▶ [What is being asked]
Below are entries. Copy exactly the lines running from the line that holds "Hệ thống tên" to the line that holds "SE VENDE SMART", with both ends included.

▶ [Dataset]
* * * *
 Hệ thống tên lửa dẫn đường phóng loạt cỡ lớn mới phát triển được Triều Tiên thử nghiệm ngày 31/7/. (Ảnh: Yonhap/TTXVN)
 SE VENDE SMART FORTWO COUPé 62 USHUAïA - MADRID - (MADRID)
* * * *
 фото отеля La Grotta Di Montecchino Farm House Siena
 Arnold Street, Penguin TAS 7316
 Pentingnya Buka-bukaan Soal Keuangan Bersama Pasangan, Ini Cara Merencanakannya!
* * * *
▶ [Completed exercise]
 Hệ thống tên lửa dẫn đường phóng loạt cỡ lớn mới phát triển được Triều Tiên thử nghiệm ngày 31/7/. (Ảnh: Yonhap/TTXVN)
 SE VENDE SMART FORTWO COUPé 62 USHUAïA - MADRID - (MADRID)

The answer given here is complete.